Eu quero saber porque. Não faz sentido.
A estrutura da árvore R funciona de forma que dois pontos próximos estejam "mais próximos" no índice da árvore R - porque ambas as coordenadas e ambas com o mesmo peso são usadas para decidir onde (no índice) um novo ponto deve ser colocado.
Portanto, é fácil identificar pontos que estão "próximos" de um ponto fixo - ou seja, pontos que possuem ambas as coordenadas próximas às coordenadas do ponto fixo.
Os índices de árvore B, por outro lado, funcionam de maneira diferente. Mesmo se você tiver um índice composto, digamos
(Latitude, Longitude)
, onde ambas as coordenadas estão incluídas no índice, elas não têm o mesmo peso. Em outras palavras, dois pontos com valores diferentesLatitude
e iguaisLongitude
estarão muito distantes (na estrutura do índice). Muito mais separados do que dois pontos iguaisLatitude
e diferentesLongitude
.Portanto, pesquisar pontos próximos (com o
(Lat, Long)
índice acima) pode encontrar pontos próximos rapidamente com exatamente o mesmoLatitude
. Mas para todos os outros pontos, não será muito eficiente.Por exemplo, considere que você está procurando lugares próximos a uma vila na África - uma vila que tem o mesmo que
Latitude
Londres. Sua consulta gastaria muito tempo calculando as distâncias entre sua vila e todos os (milhões) pontos no Reino Unido que têm a mesma (ou quase a mesma) latitude com ela. E então rejeite esses pontos porque eles estão muito distantes.Você pode pensar então que dois índices de árvore B, um on
(Latitude)
e outro on(Longitude)
, seriam bons para tais consultas. Afinal, por que os dois índices não deveriam ser usados em uma consulta que possui:Acho que o DBMS não pode usar dois índices (árvore B) como esse em uma consulta (o MySQL não pode AFAIK). Mesmo que pudesse, não seria muito bom, em termos de desempenho, pois ambas as condições podem não restringir muito a pesquisa. Portanto, após essas duas varreduras de índice, um milhão de linhas encontradas que correspondam a uma condição teriam que ser mescladas com um milhão de linhas da outra. E essa mesclagem provavelmente também exigirá classificação - o que prejudicará o desempenho se os subresultados forem grandes.
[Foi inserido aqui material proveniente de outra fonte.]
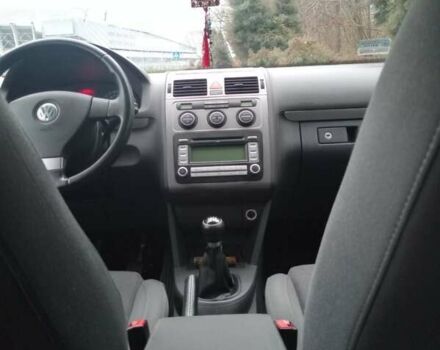 Серый Фольксваген Туран, объемом двигателя 1.4 л и пробегом 217 тыс. км за 7200 $, фото 11 на Automoto.ua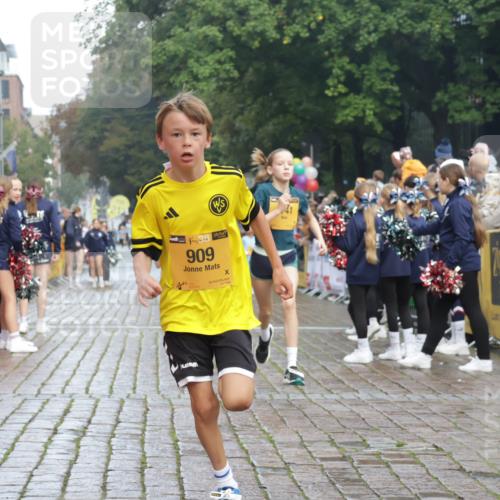13.09.2026 - Kiel Lauf Yannick Fuchs http://msf.ph/oto/10277992 13.09.2026 08:51:03 Ziel 496, 1724, 2343, 10957, 10970, 497, 2125, 2443, 3106, 5792, 5959, 7511, 9612, 10359, 10987, 909, 1238, 3683, 4159, 4741, 5010, 5211, 7033, 10463, 11688, 3487, 10359 meine-sportfotos.de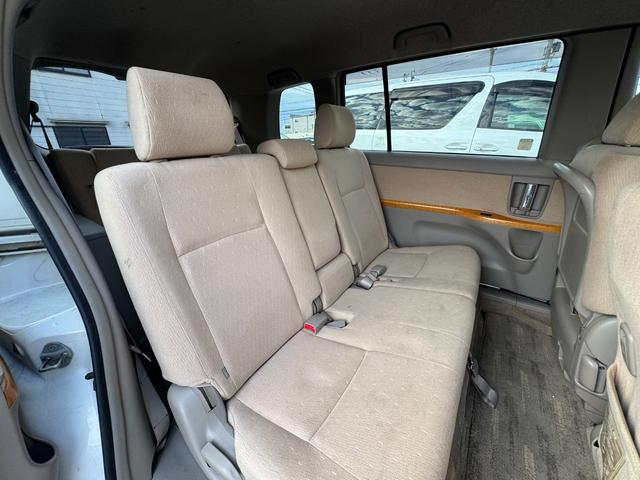 TOYOTA ISIS G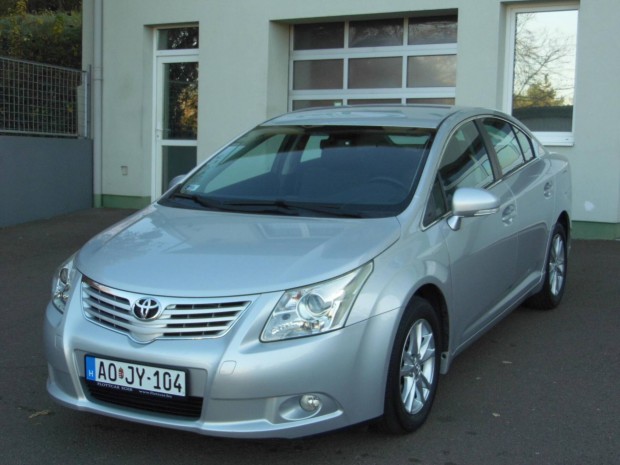 Toyota Avensis 1.6 Travel Navigci-Tempomat-DI...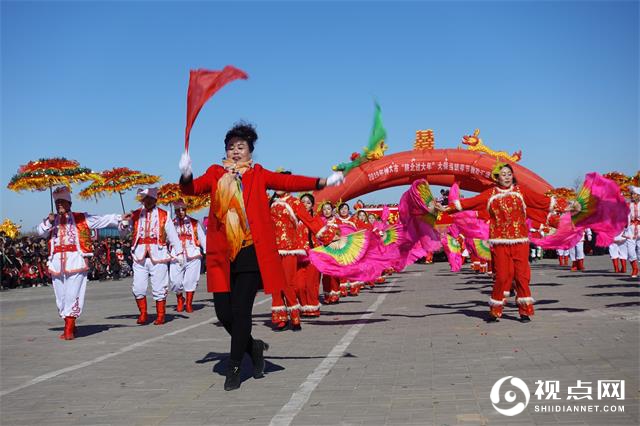 神木市大保当镇举办精彩秧歌汇演 为群众送上文化大餐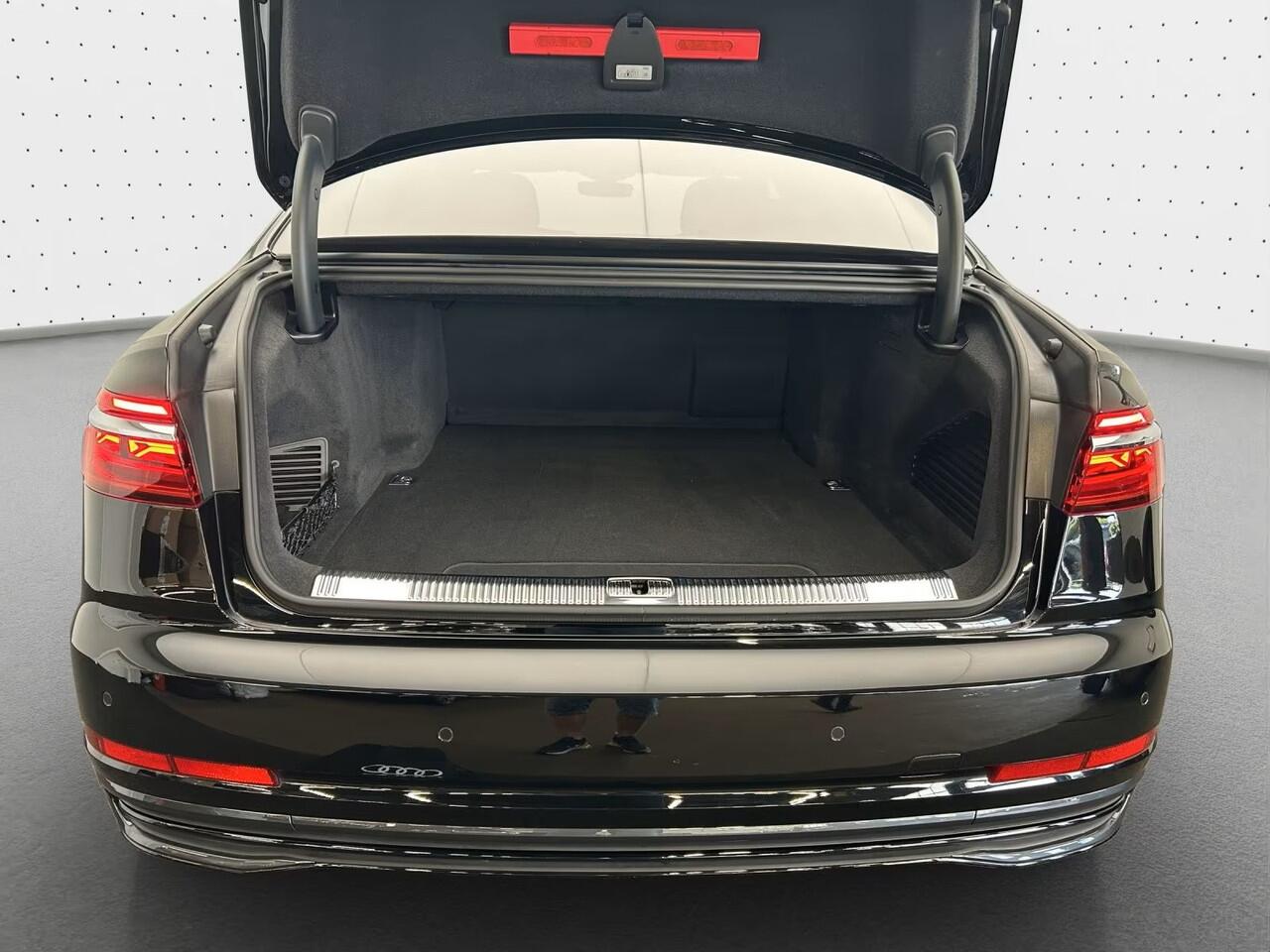 Audi A8 60 TFSI e quattro Lang 463 PK Individual Rear Seats Panoramadak Head-Up Bang en Olufsen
Em geral, qualquer consulta que tenha mais de uma condição de intervalo na mesma tabela é difícil de ser otimizada por índices de árvore B. (para outros SGBDs que possuem outros tipos de índices, como Hash ou Bitmap, não posso falar).
É por isso que R-trees e outros índices que funcionam bem em buscas espaciais foram inventados em primeiro lugar. Eles meio que "intercalam" ambas as coordenadas (ou todas as 3 ou 4 em índices dimensionais superiores) na estrutura do índice e nenhuma coordenada tem peso maior que as outras.